Pacific salmon returning to Alaska rivers and streams to reproduce are the basis for one of Alaska's most important industries. From 2000–2004, the average harvest of salmon sold by commercial fishermen in Alaska was almost 157 million fish (about 742 million pounds). North Pacific Chinook salmon catches during the late 1970s and early 1980s averaged more than 4 million fish per year. The United States harvested the majority of the catch followed by Canada, Japan, and the USSR. The annual Alaska harvest of Chinook salmon averaged 630,000 fish from 1970 to 2006. The majority of the Alaska catch is made in Southeast Alaska, Bristol Bay, and the Arctic-Yukon-Kuskokwim areas. Commercially-harvested Chinook salmon averaged approximately 18 pounds. The majority of the catch is made with troll gear and gillnets. There is an excellent market for Chinook salmon because of their large size and excellent table qualities. Recent catches in Alaska have brought fishers nearly $19 million per year.
Personal Use Fishery
This fishery is defined as "the taking, attempting to take or possession of finfish, shellfish or aquatic plants by an individual Alaska for consumption as food or use as bait by that individual or his immediate family”. Only Alaska residents may participate in personal use fisheries. The Board of Fisheries established this fishery to allow Alaskan residents to harvest fish for food in areas that are not eligible for subsistence fisheries. Personal use fisheries are only allowed when they won't jeopardize sustained yield of the resource, and won't negatively impact an existing resource use, and are in the broad public interest. Personal use fishing is primarily managed by the Alaska Department of Fish and Game, Sport Fish Division, but some regional or area fisheries for various species of fish are managed by the Division of Commercial Fisheries.
The Chinook salmon is perhaps the most highly prized sport fish in Alaska and is extensively fished by anglers in Southeast Alaska and in Cook Inlet (South-central Alaska). Trolling with rigged herring is the favored method of angling in salt water, while lures and salmon eggs are used by freshwater anglers. The annual Alaska sport fishing harvest of Chinook salmon from 1989 to 2006 averaged 170,000 fish. During that period, 60% of the sport fish harvest of Chinook salmon was taken in South-central Alaska, 26% in Southeast Alaska, and 4% in the Arctic-Yukon-Kuskokwim area. Alaska's sport and personal use fisheries worth more than 500 million dollars annually.

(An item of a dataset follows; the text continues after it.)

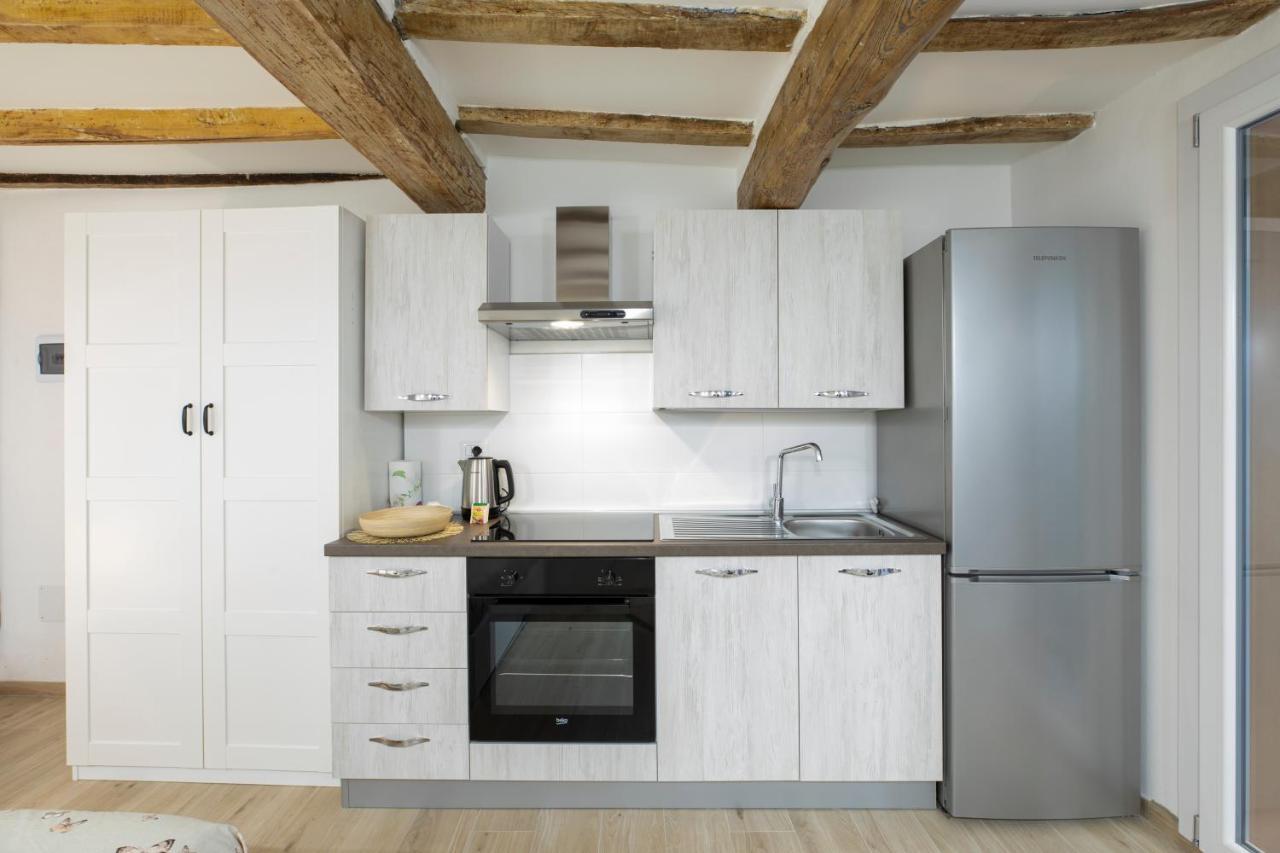 Apartment Luxury In The Center I Private Patio & Kitchen *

Many Alaskans depend heavily on subsistence-caught salmon for food and cultural purposes. The Alaska Department of Fish and Game recognizes the definition of subsistence fishing to mean the taking of, fishing for, or possession of fish, shellfish, or other fisheries resources by a resident of the state for subsistence uses with gill net, seine, fish wheel, long line, or other means defined by the Board of Fisheries. Annual Chinook salmon harvests by subsistence and personal use fishers in Alaska averaged 167,000 fish from 1994 to 2005. The majority of the subsistence harvest is taken in the Yukon and Kuskokwim rivers.